When testing a network switch, we encountered a very strange
performance problem involving two RS6000s (a model 365 and a model
320, respectively), the switch and other network traffic.

From the description below, you will see that the problem is not the
switch itself, but rather the RS6000, or the network, or some other
machine on the network.

The many experiments that we have performed (which are not all
described here) suggest that under some circumstances, the RS6000 reacts
badly to collisions, which results in an "avalanche" of colisions
(possibly due to  the small extra delay introduced by the switch?)
NOTE: the collisions are NOT late collisions!
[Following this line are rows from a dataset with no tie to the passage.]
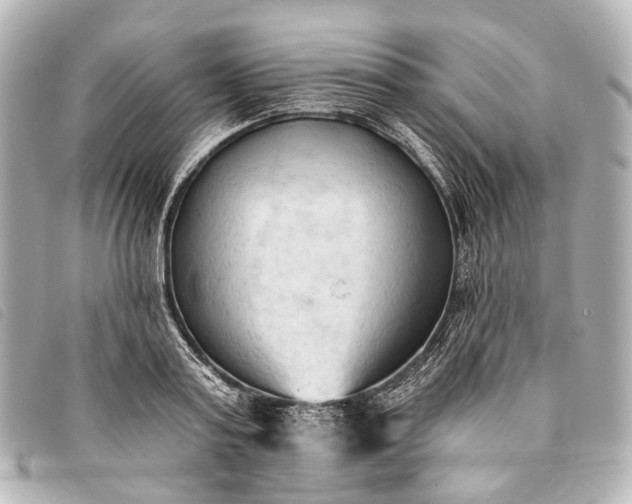 X0000093380795200710251215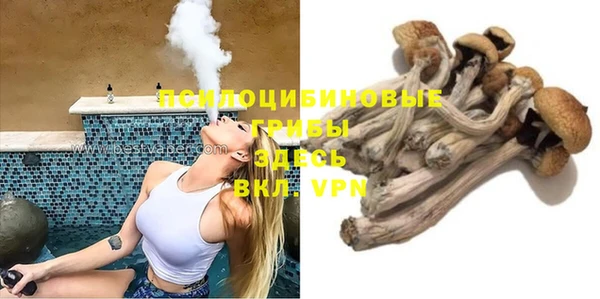 молекула духа Осинники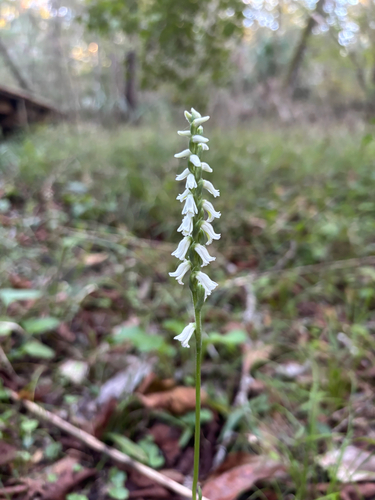 Image of Spiranthes triloba by no rights reserved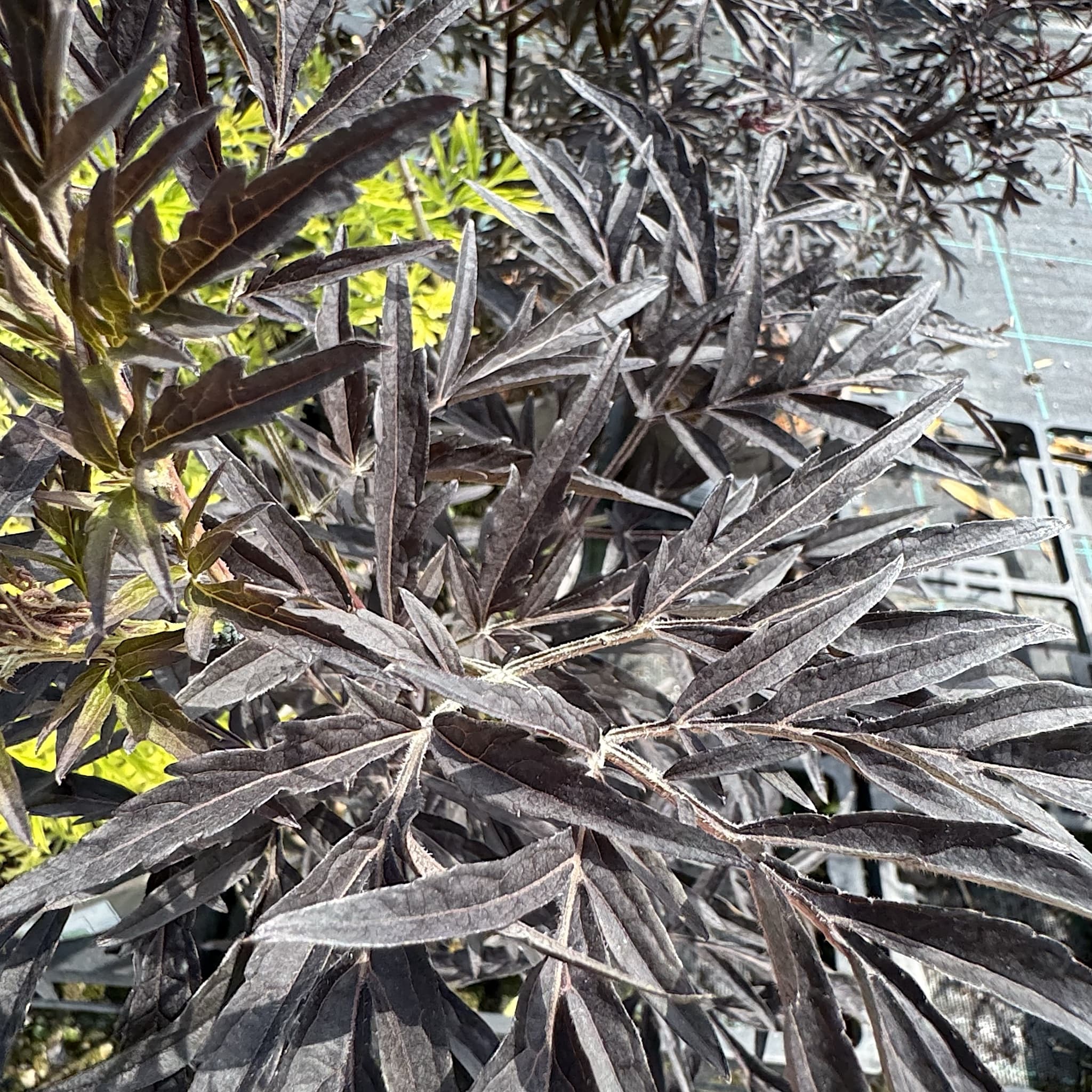 Sambucus 'Cherry Lace'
Does anybody have any ideas on the cause of this problem? Or better
yet, does anybody have solution?

problem description
--------------------
When the RS6000/320 and the RS6000/365 communicate through the switch,
we observe very low throughputs  with rcp, nfs and ftp (of the
order of 100  kByte/s). Note that the switch is not very busy:
it only isolates the RS6000/320 from the network (see the diagram of
our network below, case A, connection indicated with ;;;;).
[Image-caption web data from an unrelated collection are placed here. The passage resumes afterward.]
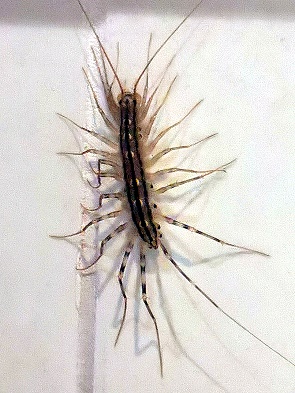 Haustausendfüßler (Scutigera coleoptrata)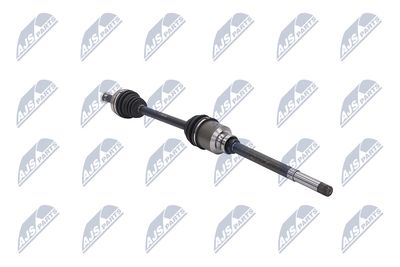 PLANETARA NTY NPWCT009 29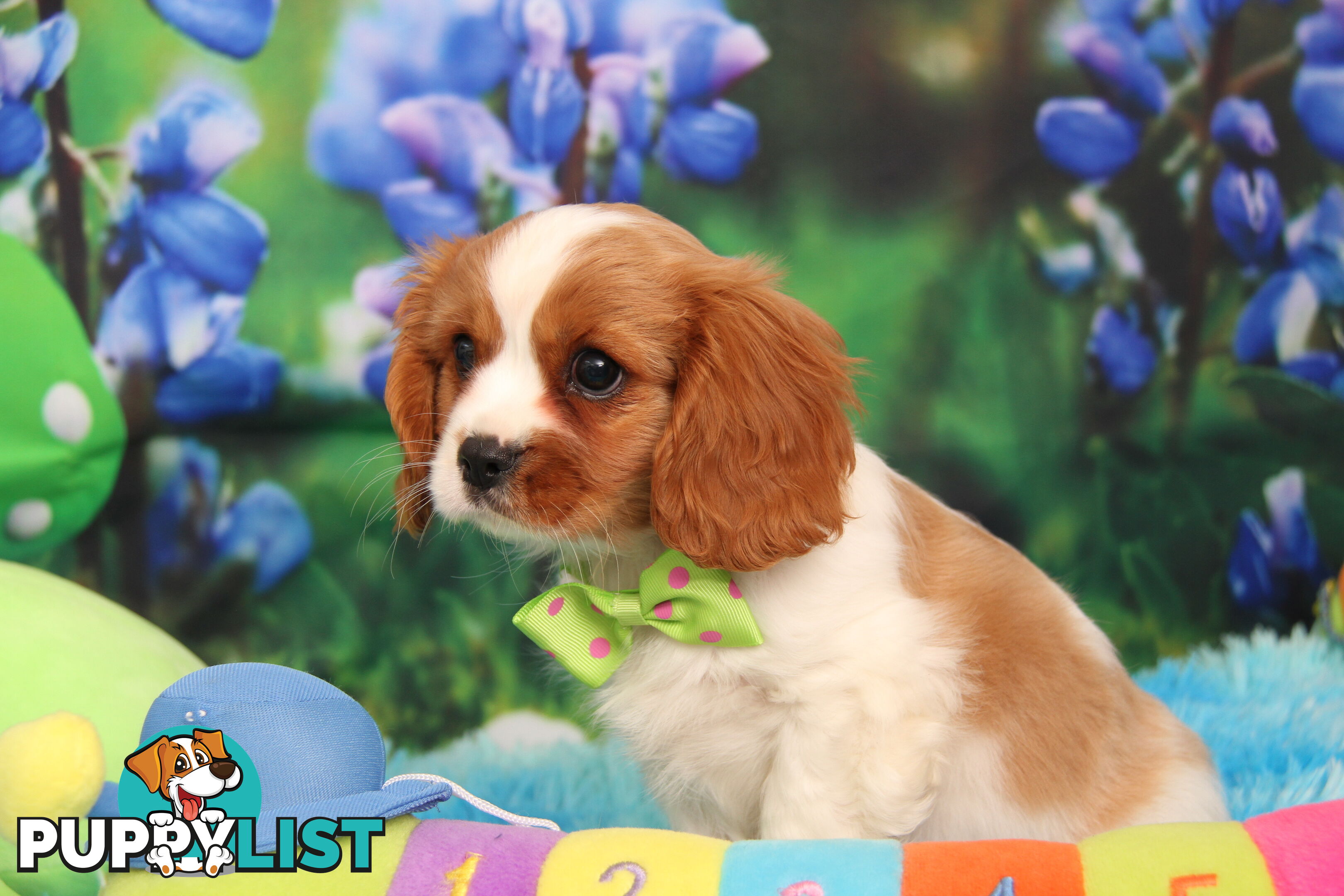 CAVALIER KING CHARLES MALE PUPPIES DNA CLEAR CUTE & CUDDLY
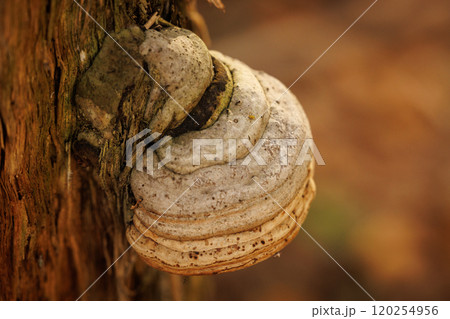 Unique fungi growing on the side of an old tree trunk in a peaceful forest during autumn 120254956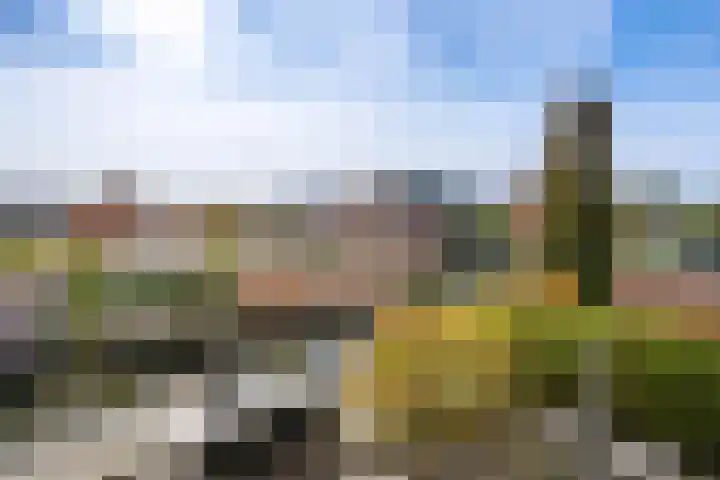 Zoom 10 Brielle thumbnail 39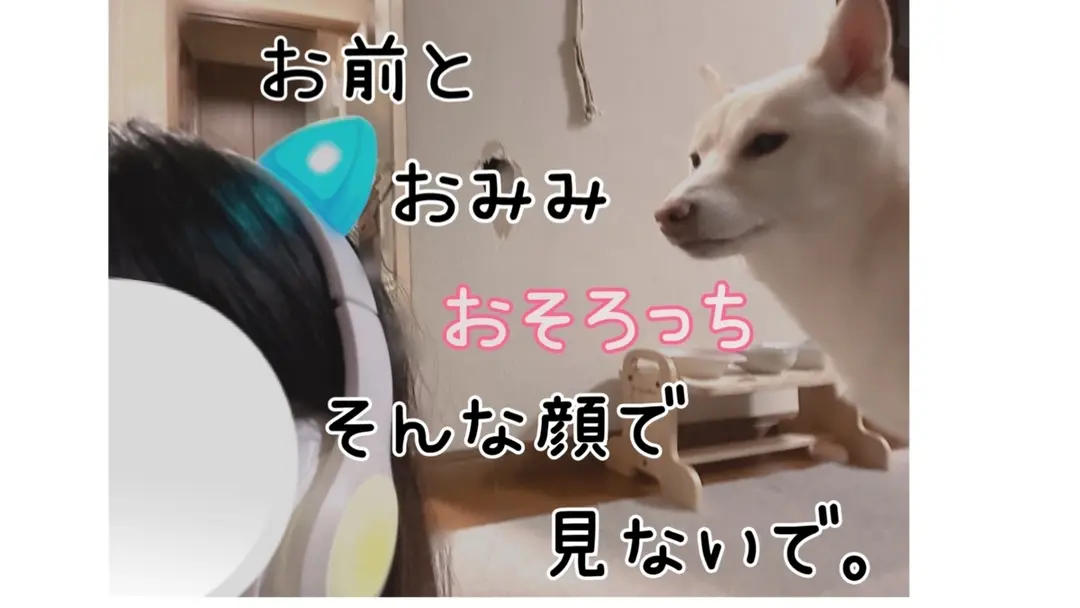 引きこもり無職ガイジです。呼んだ？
When we connect the 320 directly to the network (case B, connection
indicated with *****) the problem disappears and we achieve
throughputs of the order of 800 kbyte/s.

Also, when the  RS6000/365 is replaced with a HP-UX workstation or a SUN
workstation the problem remains in case A (and again does not occur in
case B)

Both IBMS are running AIX3.2.5. The 365 has a Standard Ethernet
Adapter and the 320 a "Ethernet High-Performance LAN Adapter"

Related problems
---------------------
A similar problems occurs between a RS6000/365 (or a  RS6000/320,
or an HP workstation) and an AXIS cd-rom server when  these systems are
connected directly to the (same stretch of) the ethernet, i.e., when
there is no switch involved. In this case the CD-romserver behaves as
an NFS-server and  the NFS troughput is below 100kbyte/s on the RS6000
clients. With a packet tracer we have noticed a "collision
multiplication"
in this case: there is an excessive number of collisions when
data is sent to the  RS6000 clients and collisions usually come in
bursts.

On the other hand, when the nfs-client is   a powerpc P20, or a Sun
workstation, or even an RS6000 with a different version of AIX (i.e.,
AIX 3.2)  the problem disappears (and throughputs of more than 600
kbyte/s are achieved). In this case all systems are again connected
directly to the ethernet and there is no switch involved.
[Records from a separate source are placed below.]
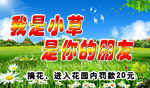 愛護花草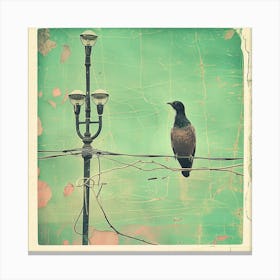 Painted Birds Hate Street Art Canvas Print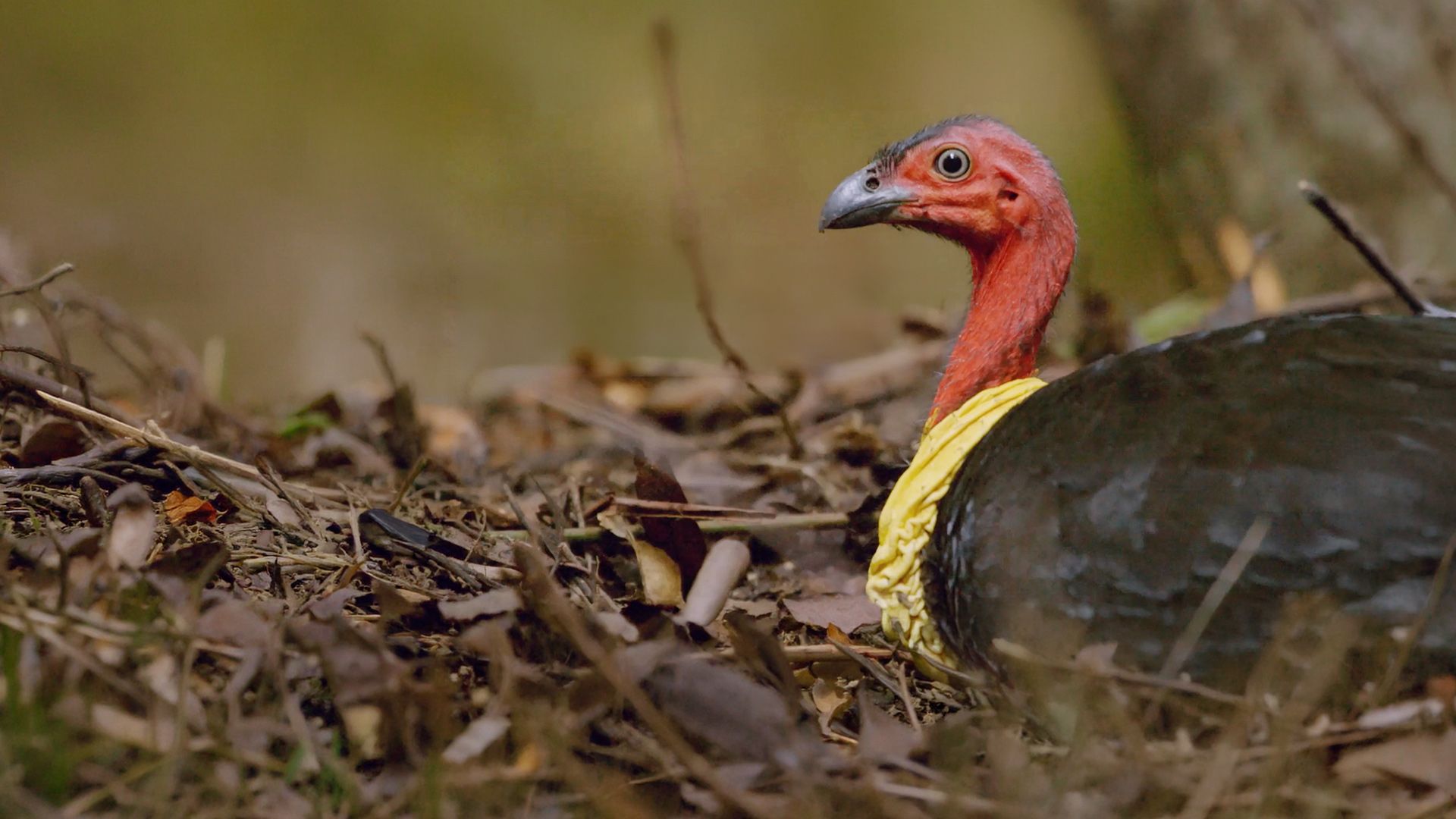 Wildvögel in Australien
Finally, when the cd-server and the RS6000/320 are connected
directly to the switch, which is in turn connected to the ethernet (see
diagram 2), the problem remains. However when the ethernet is
disconnected from the switch,  the problem disappears.

diagram 1:our network
-----------------------

                       | internet                        | other lab        
                       |                                 |            
            |------------------|                  |------------------|
            |multiport repeater|                  |         brige    |
            |------------------|                  |------------------|      
                       |                                 |
                       |        ethernet                 |
           ____________|_________________________________|  
          |                         |            
          |                         |            
   |--------------------|   |--------------------|
   |multiport repeater 1|   |multiport repeater 2|
   |--------------------|   |--------------------|
     |   |  | (8 stretches      |   |  | (8 stretches  
     |   |  | many machines     |   |  |  many machines      
     |   |  | on each stretch)           on each stretch)      
     |   |                                          
     |   |___________________***********************************
     |                      |  ethernet                        *
     |                      |                                  *  
     |              |-------------|                 case B-->  *
     |              |media changer|                            *
     |              |-------------|                            *
     |                      | utp                              *
     |              |-------------|  utp  |-------------|      *
     |              | 10Mb switch |-------|media changer|      *
     |              |-------------|       |-------------|      *
     |                                           ;             *  
     |                              case A -->   ;    **********
     |                                           ;    *
 |--------------|                          |--------------|
 |IBM RS6000/365|                          |IBM RS6000/320|
 |--------------|                          |--------------|

diagram 2: test configuration with cdrom-server
----------
__________________________________________ethernet stretch (many
machines)
           |
     |-------------|  
     |media changer|  
     |-------------|  
           |utp
           |
     |-------------|  utp  |-------------|    
     | 10Mb switch |-------|media changer|      
     |-------------|       |-------------|      
          |                       |  
          |utp                    | ethernet
          |                       |
     |-----------------|   |--------------|
     |AXIS CDROM SERVER|   |IBM RS6000/320|
     |-----------------|   |--------------|

 
 
 

RS6000 network performance problem

Post by Rick Jon » Sat, 02 Nov 1996 04:00:00


Sounds like it could be capture effect. One way to verify would be to
run something like ttcp or netperf with differnet socket buffer sizes
- say 4096, 8192, 16384, 32768 and 57344.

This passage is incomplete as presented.